ハンコの文化史 : 古代ギリシャから現代日本まで

作成者
新関欽哉 著
出版者
吉川弘文館
刊年
2015.6

 宅配の受け取りや職場での文書など、私たちの日常生活にはハンコを捺す場面が多くあります。そして日本人の多くは、普段使いの認印、銀行口座用の銀行印、契約書に必要な実印など、用途別に複数のハンコを所持しています。
 このように現代日本に不可欠なハンコの起源は、実に古代メソポタミア文明にまで遡ると言います。本書では、ハンコがどのように世界の各地に広がったのかといった歴史や、それぞれの土地・時代に現れた特有の形状やデザインなどの文化史が語られ、ごく身近な存在であるハンコの意外な姿や役割を知ることができます。
 ハンコはその始まりにおいては、物体に文様をつけたり、宗教的な目的に使われており、現代に繋がる社会的機能を持つハンコの歴史は、シュメール人の発明した円筒印章に始まるそうです。当初の目的は壺に貯蔵された財宝に封印を施すことにあり、鍵の代用品であったと言います。
 中世ヨーロッパでは主に信書の封緘に用いられ、内容の秘密保持の機能を持ちました。特殊な封蝋にハンコを捺して封緘するそのスタイルは欧州上流階級に広がりますが、公共の郵便制度が整った第一次世界大戦後にその姿を消していきます。

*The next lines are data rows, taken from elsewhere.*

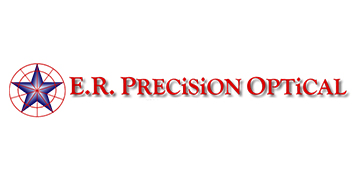ER Precision Optical Corp.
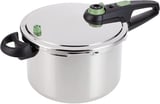 Tefal Sensor 6 Lt Düdüklü Tencere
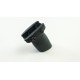 Worker Seagull Vertical Grip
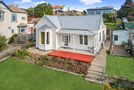 62 Tees Street, Oamaru, Waitaki, Otago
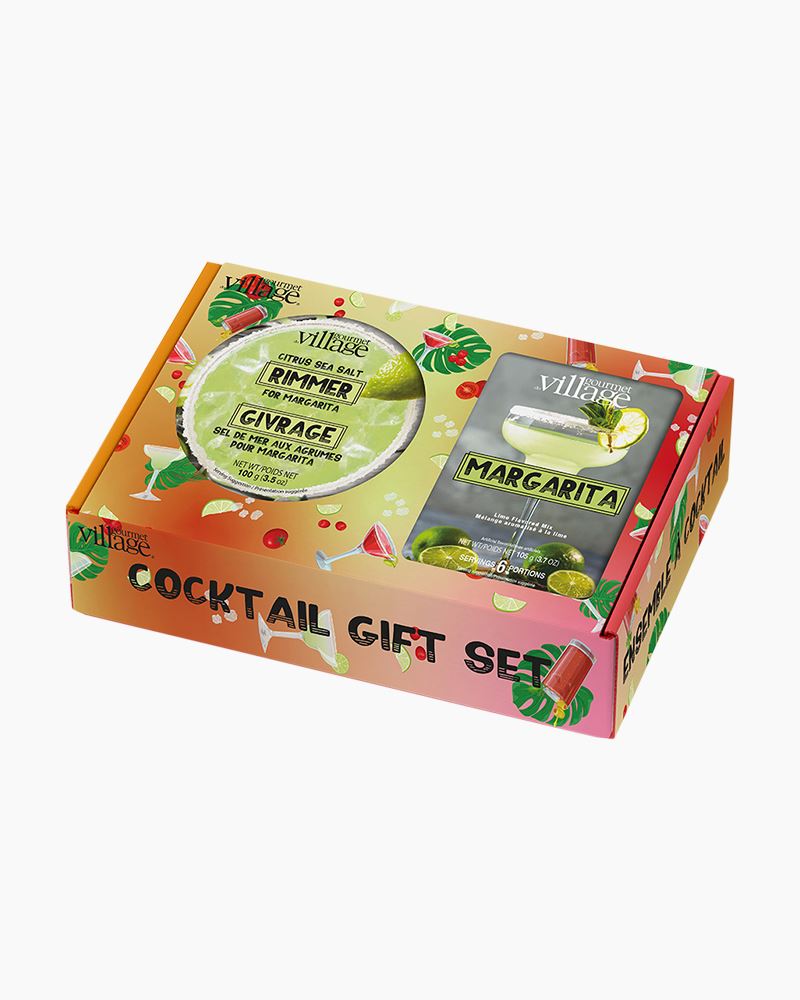 Sangria - Set of 6  Gourmet du Village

 一方、中国に伝播して独自の発展を遂げたハンコ文化は日本に渡り、後世に大きな影響を与えました。
 奈良時代には主に官印として、文書の記載事項が真正であることの保証として使用されましたが、時代が下るにつれ文書に威厳を与えるという役割も加わります。江戸時代になると庶民にもハンコが浸透し、貸借証文から個人的な誓約書の類まで様々な証書類に捺印が必要とされるハンコ社会が形成されていきました。

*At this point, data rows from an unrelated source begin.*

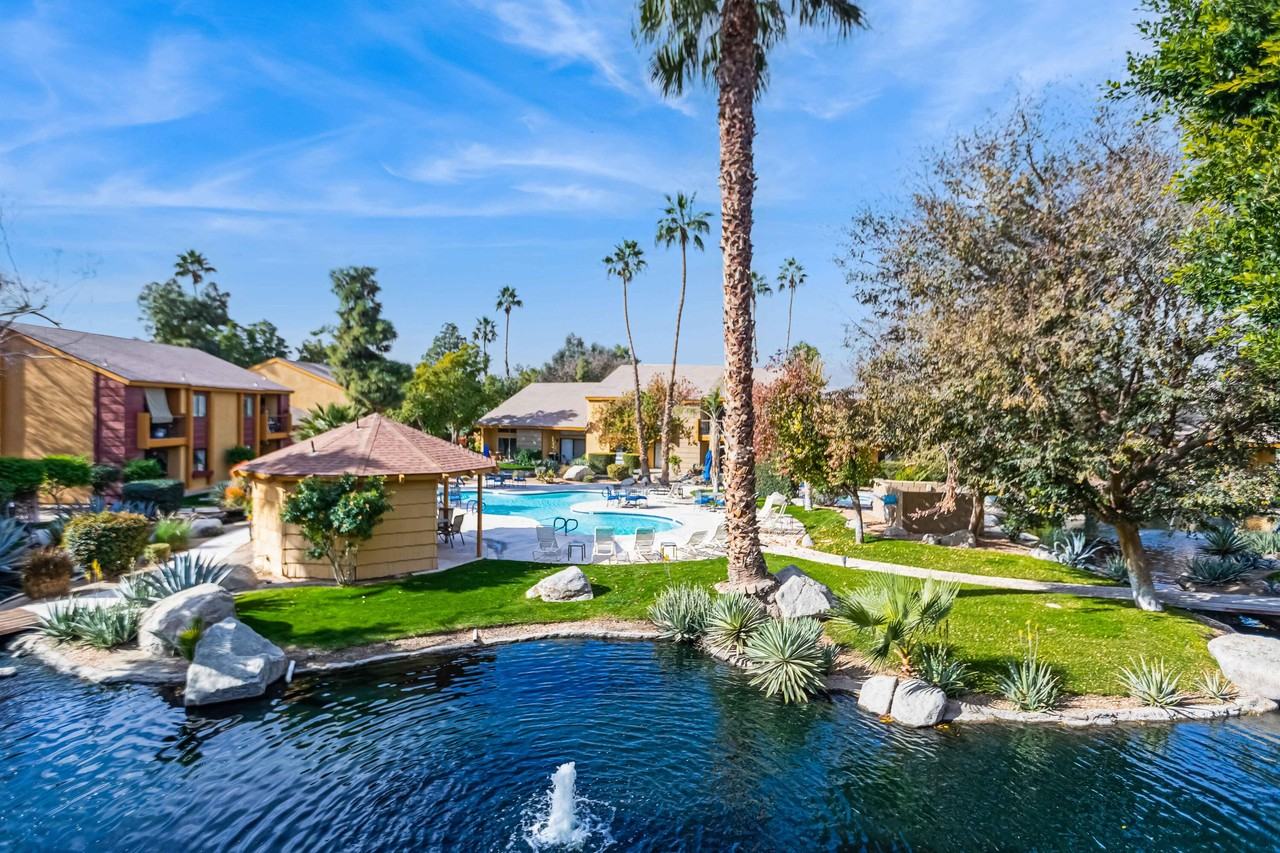 48255 Monroe St #48255-21 - Photo 3 of 26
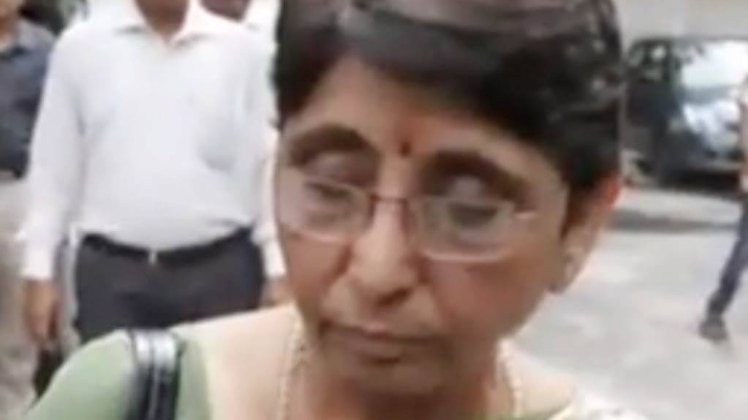 10 मिनट 50 खबरें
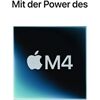 Apple Mac mini (MU9D3D/A)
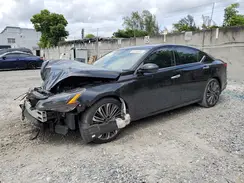 1N4BL4EVXPN342277 2023 NISSAN ALTIMA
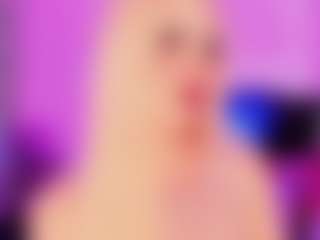 Live cam show with rosedewitt - Lean on Camsoda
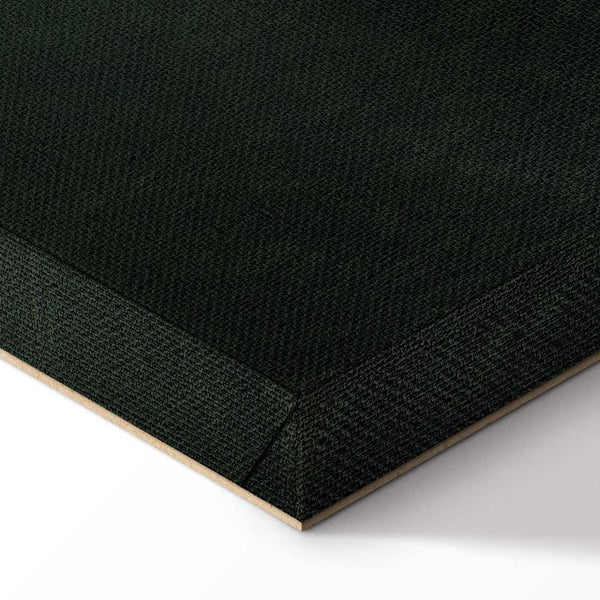 Quadro - Mountain Breath (1 Part) Wide - Third Variant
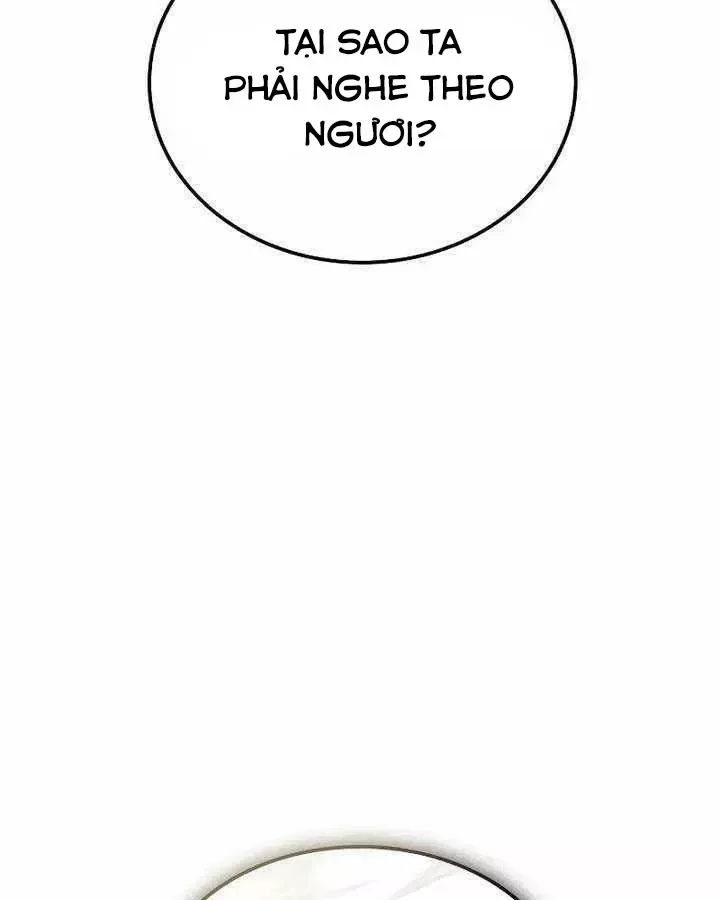 Độc Chiến Đế Vương Chap 57 - Next Chap 58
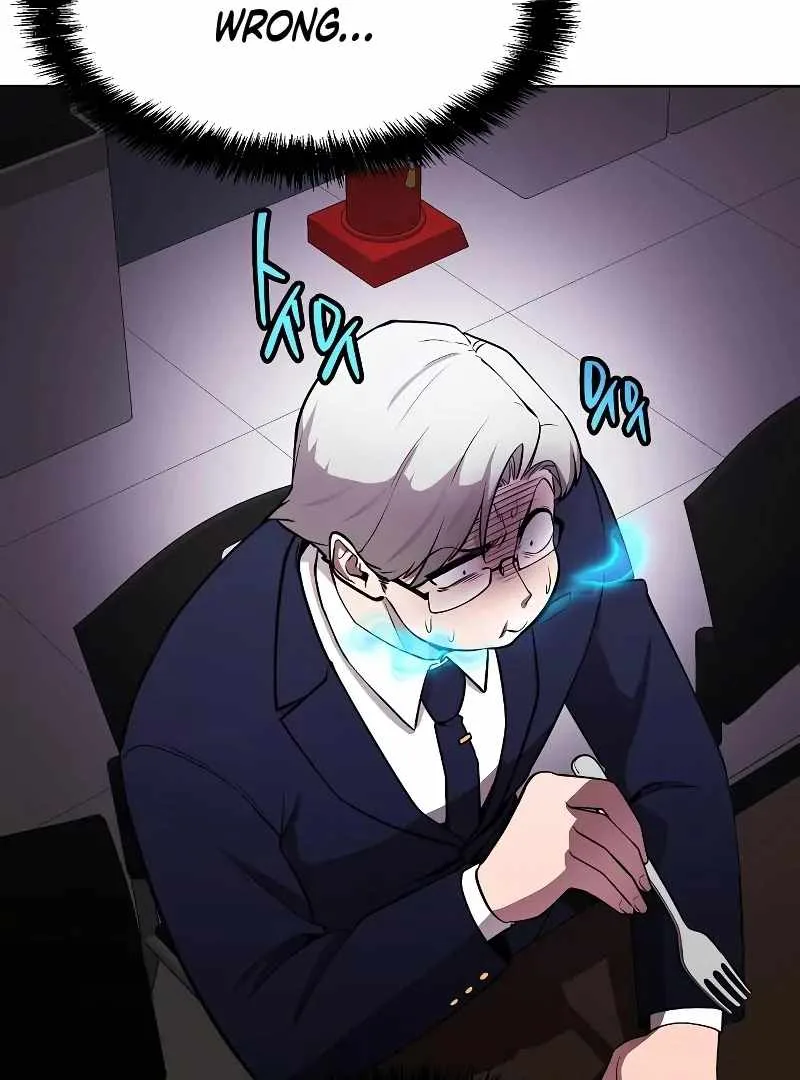 Heavenly Demon Wants to Be A Chef Chapter 51 page 29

 元外交官でもあり、これまでに住んだ国々でハンコを収集しつつその歴史を辿ってきた本書著者によると、ハンコなしには事が進まない日本のような国は他に類を見ないそうです。折しもコロナ禍によりテレワークが推奨され、不必要な押印の廃止を目指す「脱ハンコ」の動きも見られる昨今、ハンコはにわかに注目を集める存在になりました。
 本書は、おそらく誰の手元にもある小さなハンコが、実は長い時間をかけて日本の社会に根づいてきた文化としての側面を持ちあわせていることにも気づくことのできる一冊となっています。